Revenue in all three of Morgan Stanley’s main businesses – investment banking, wealth management and asset management – dropped in the second quarter.
The bank’s bond trading business, which typically contributes about a fifth of Morgan Stanley’s revenue, saw a 60-per-cent decline, excluding accounting adjustments, posting revenue of $770-million (U.S.).
Morgan Stanley reported second-quarter earnings that generally beat what many analysts had expected, but the bank’s gloomy outlook weighed on its stock. The shares were down 4.4 per cent to $13.37 in late-morning trading.

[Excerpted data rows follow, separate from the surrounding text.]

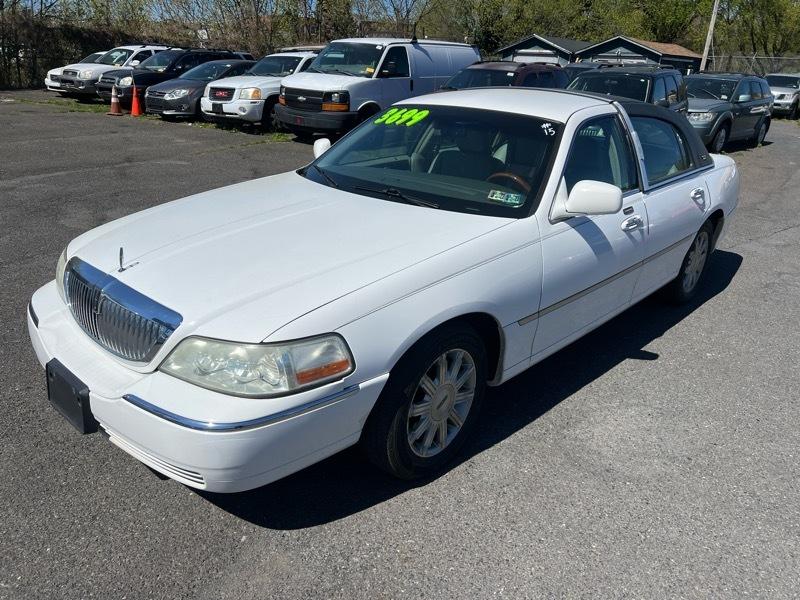 Lincoln Town Car Signature Limited 2009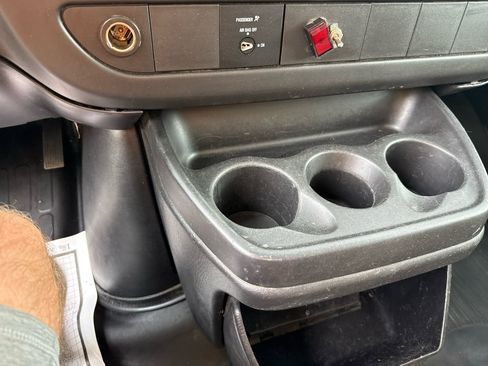 Used 2012 GMC Savana 3500 image 13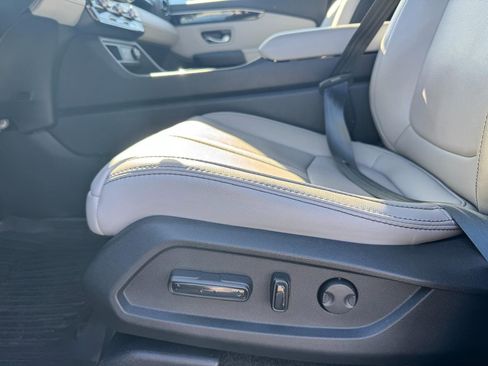 Certified 2023 Honda Pilot Touring image 17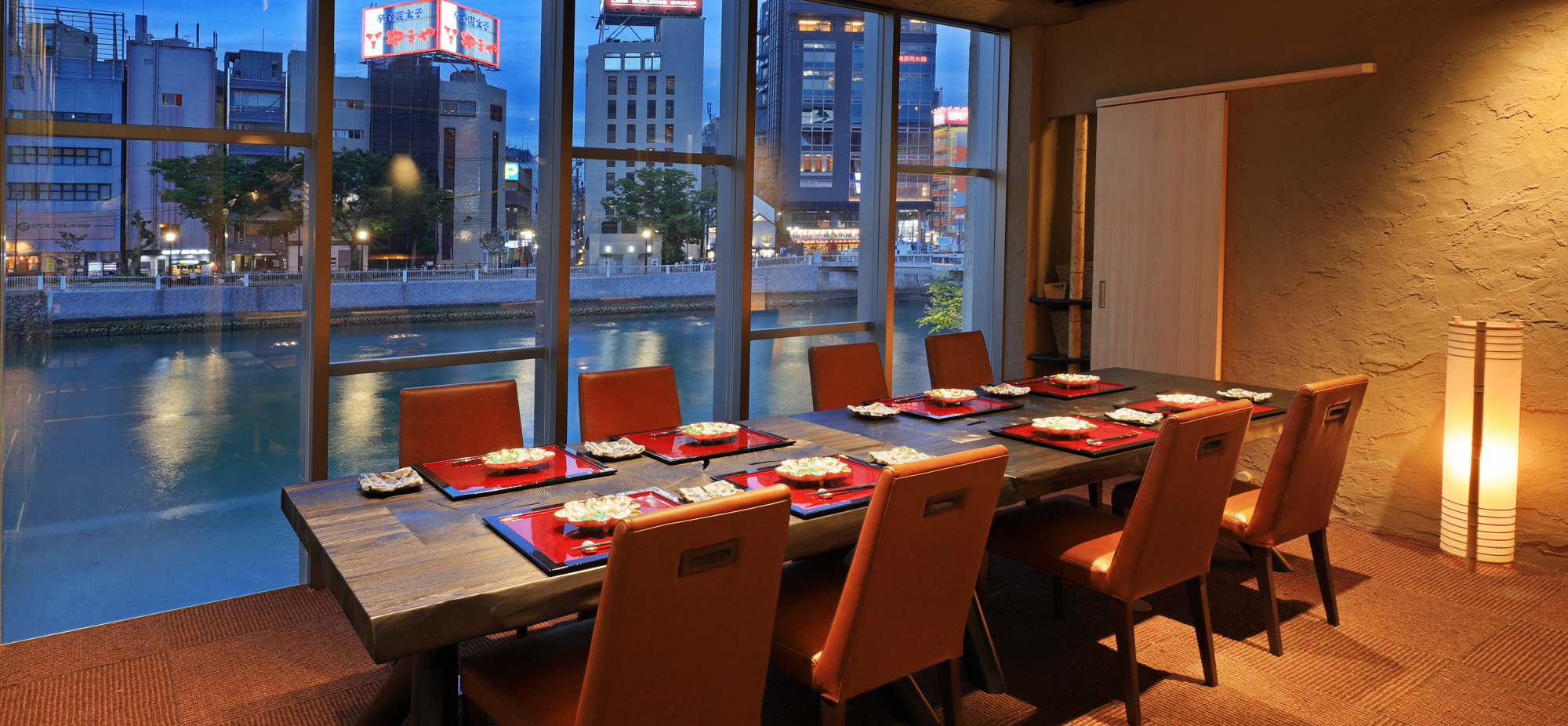 西中洲 檸 River Side『珀』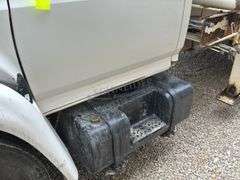 1998 Ford F800 crane service truck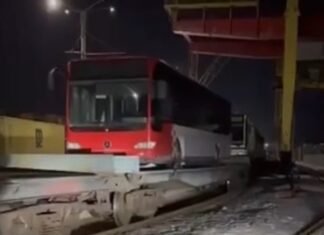 Укрзалізниця доставит в Одессу вторую партию городских автобусов: это помощь от КОВА – видео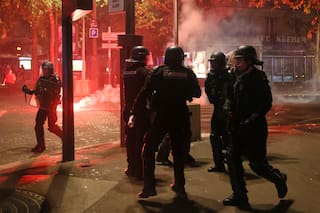 Francia detiene a cientos de personas por disturbios tras victoria del PSG en la Liga de Campeones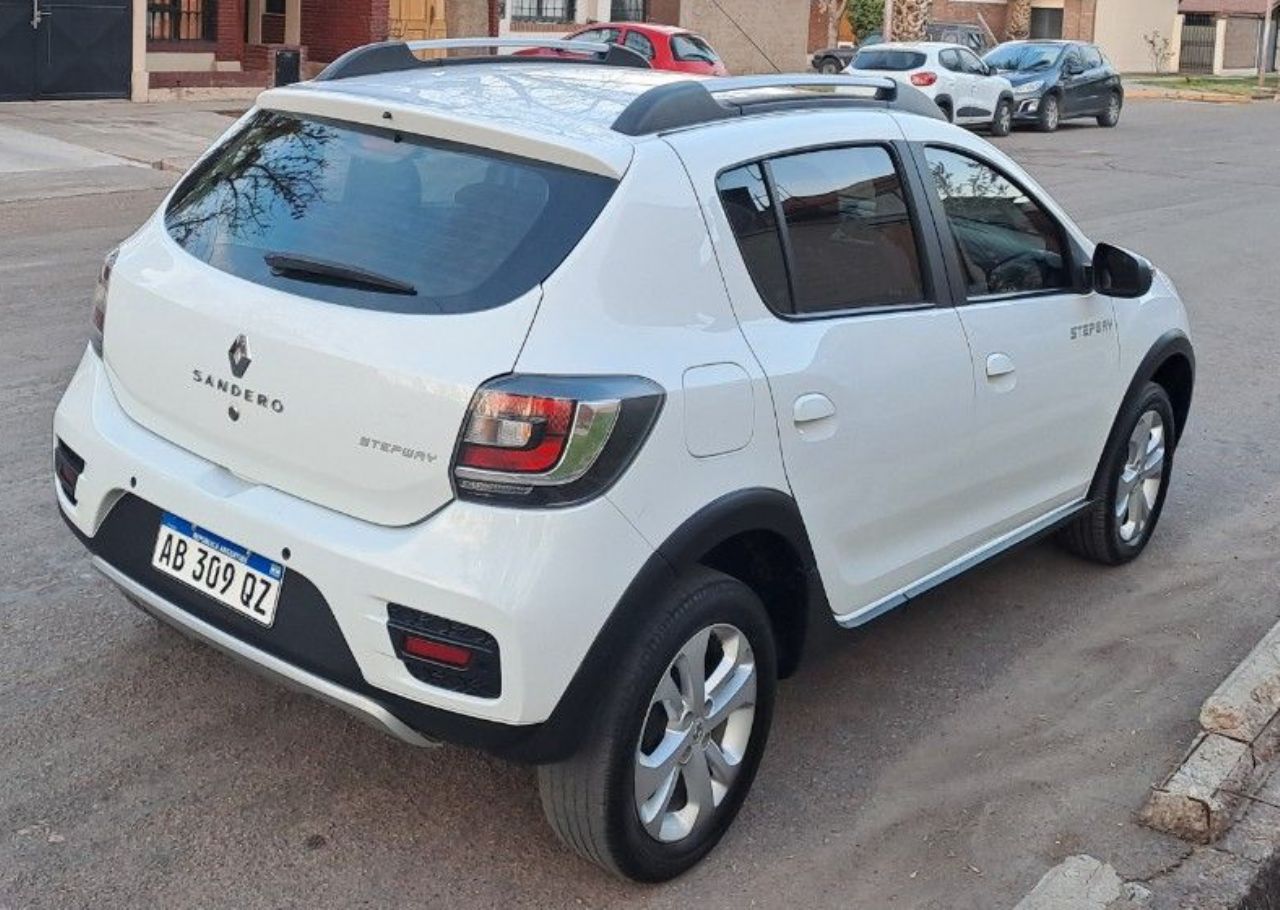 Renault Sandero Usado en Mendoza, deRuedas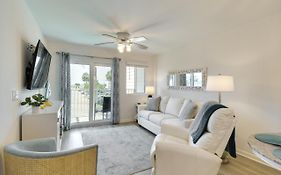Gulf Shores Condo With Private Balcony On The Beach!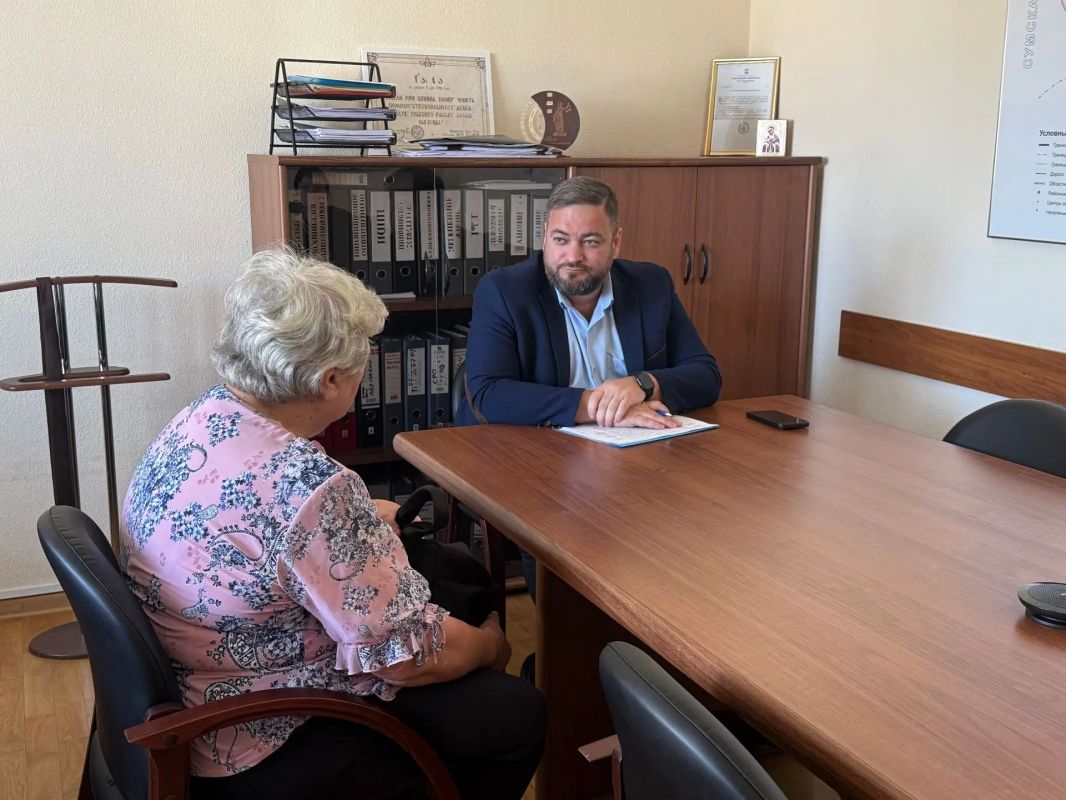 Первый замминистра строительства области Максим Канищев провел очередной личный прием граждан в Белгороде Первый замминистра строительства области Максим Канищев провел очередной личный прием граждан в Белгороде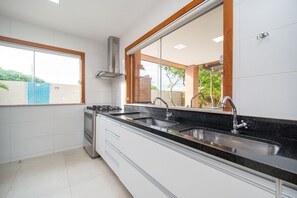 Kühlschrank, Mikrowelle, Ofen, Wasserkocher mit Kaffee-/Teezubehör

The bank posted a profit of $564-million, or 29 cents per share, compared with a loss of $558-million, or 38 cents per share, a year earlier. Morgan Stanley also lost money in the first quarter.
For much of the second quarter, investors fretted about whether Moody’s would downgrade Morgan Stanley by three notches, which would leave the bank’s rating just two steps above “junk” status. In the bond trading business, clients are often reluctant to work with counterparties that seem less than rock-solid.
The downgrade came in late June and was not as bad as many investors had feared – the bank’s main rating was cut to “Baa1,” three steps above junk.
But for the second quarter the damage was done. Bond trading is a particularly important area for Morgan Stanley, and the business has lagged rivals for years. The threat of a downgrade in the second quarter did not help the bank’s efforts to rebuild the group, Ms. Porat told Reuters.
“We spent a lot of time with clients and counterparties addressing questions they might have – and that’s time that otherwise would have been spent focusing on getting new business,” she said.
“As the quarter wore on, in particular as Moody’s extended the timeline for making its decision, it really just put more weight on the whole situation. Clients seemed to take this wait-and-see approach.”
The bank has had to post $3.7-billion of collateral since the downgrade, but business has improved and the pace of collateral calls has slowed since late June, Ms. Porat said in an interview. In July, the bank has had to post just $800-million more collateral.
“We’re certainly seeing that the weight of that Moody’s decision has lifted,” she said.
Overall second-quarter revenue fell 24 per cent to $6.95-billion. The total included a $350-million gain from changes in the value of Morgan Stanley’s debt relative to Treasuries, known as a debt valuation adjustment, or DVA.
Revenue from other businesses also fell amid weak trading and dealmaking, but not as sharply as fixed-income trading. Merger advisory revenue was down 51 per cent to $263-million, and equity and debt underwriting revenue dropped 34 per cent to $621-million. Equity trading excluding DVA fell 36 per cent, to $1.1-billion.
The 2011 second-quarter results included a charge linked to the bank’s conversion of preferred stock owned by Japan’s Mitsubishi UFJ Financial Group into common stock.